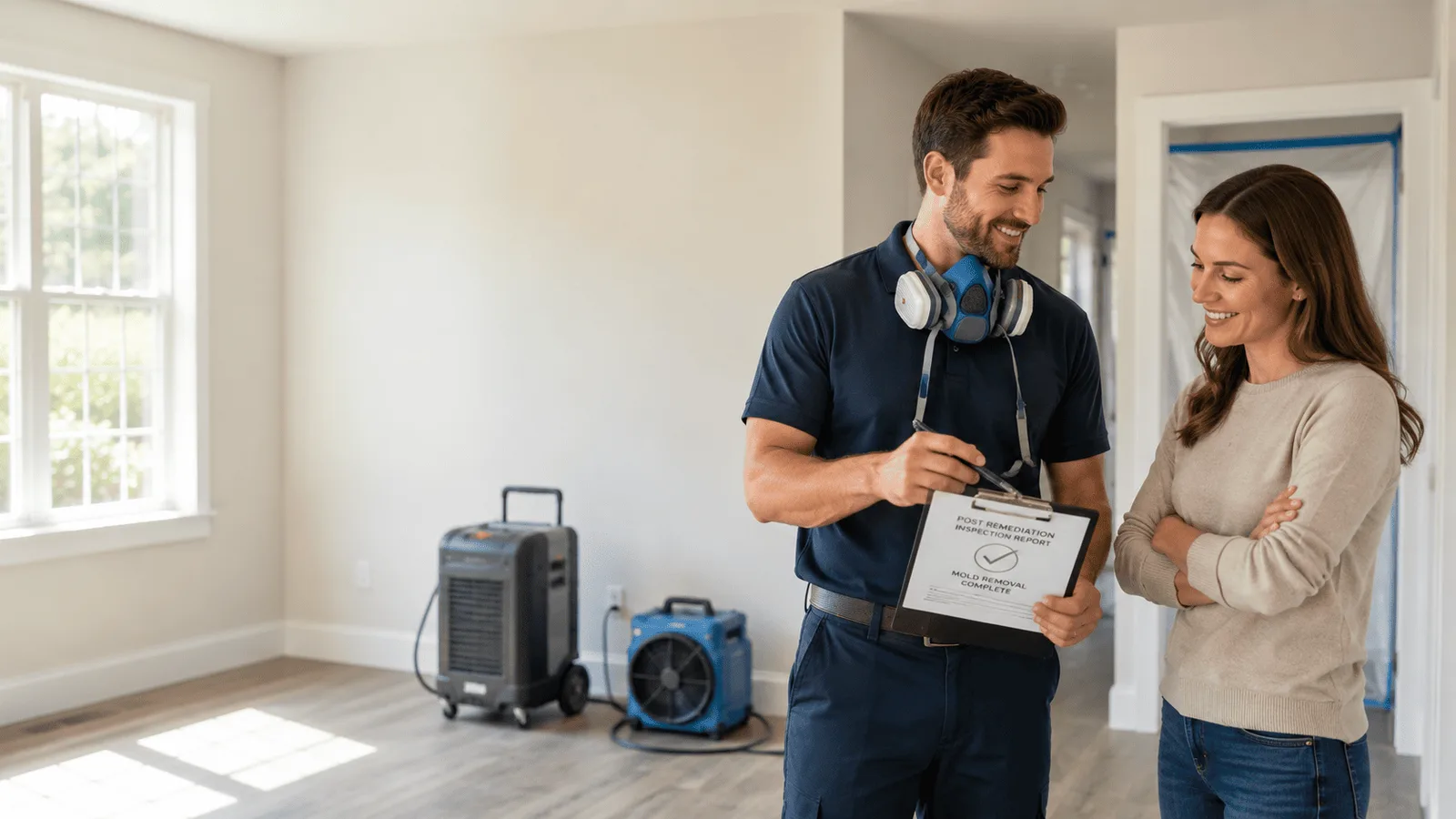 Why choose Mold Inspection in Wallisville, TX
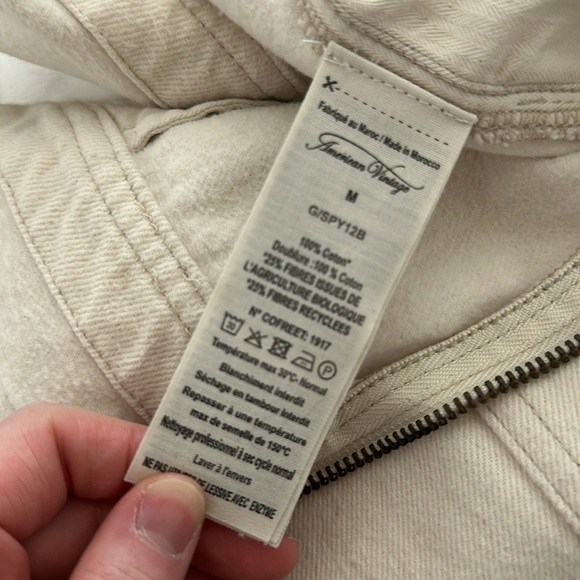 American Vintage Jumpsuit NWOT - Picture 4 of 6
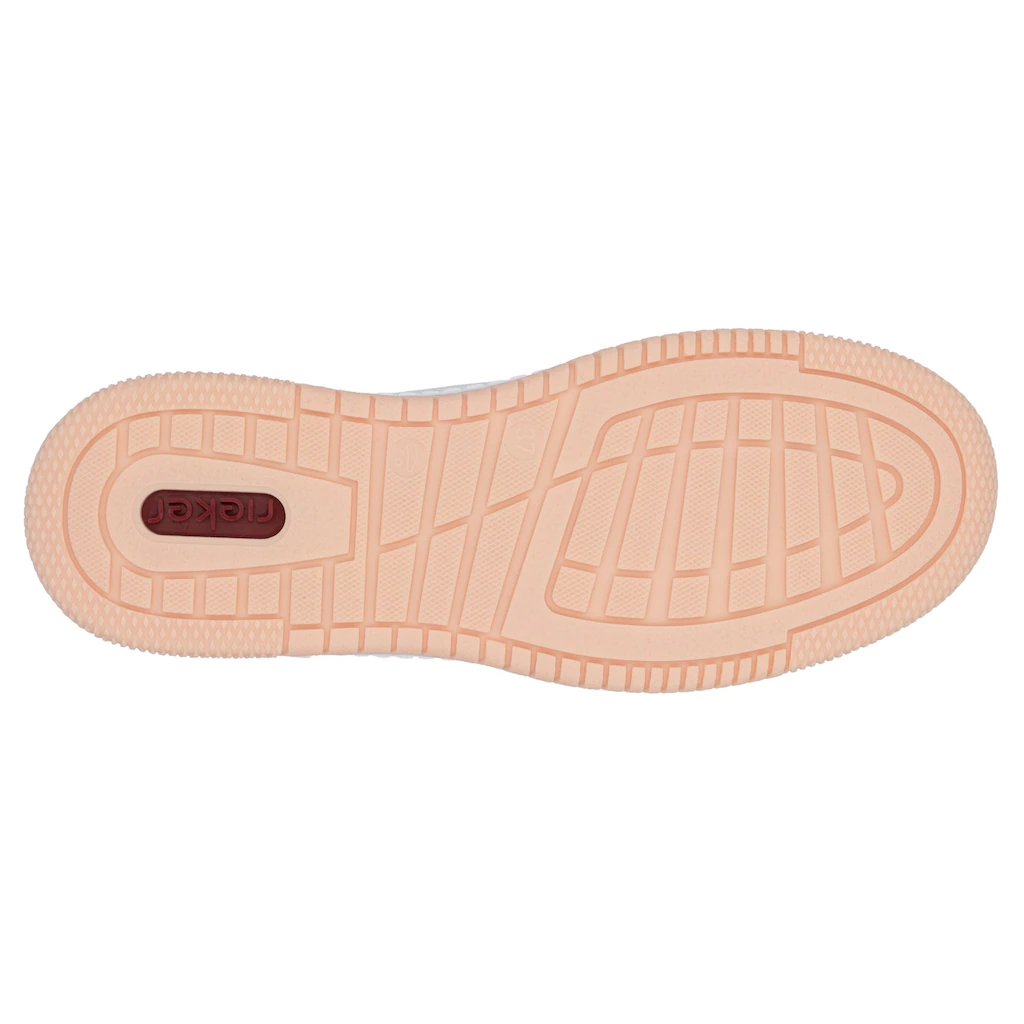 RIEKER Sport Sneaker in aktueller Farbkombination Freizeitschuh Halbschuh Schnürschuh bestellen Neueste Stile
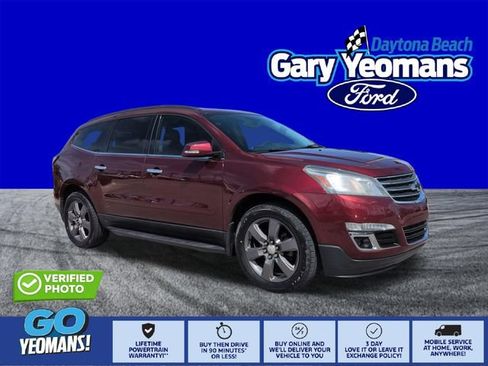 Used 2017 Chevrolet Traverse LT FWD image 1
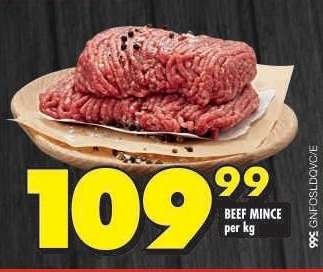 Beef Mince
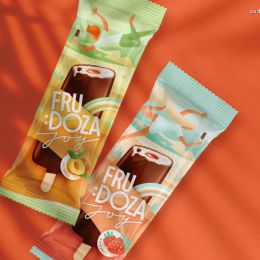 Frudoza Joy 美味的冰激凌包装设计欣赏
—————
* _WHAT THE TASK ASKS_: From the line containing "Used 2017 Chevrolet Traverse LT FWD image 1" down to the last line of the entries above, copy each line exactly and nothing more. Leave pictures out.

* _RESULT_:
 Used 2017 Chevrolet Traverse LT FWD image 1
 Beef Mince
 Frudoza Joy 美味的冰激凌包装设计欣赏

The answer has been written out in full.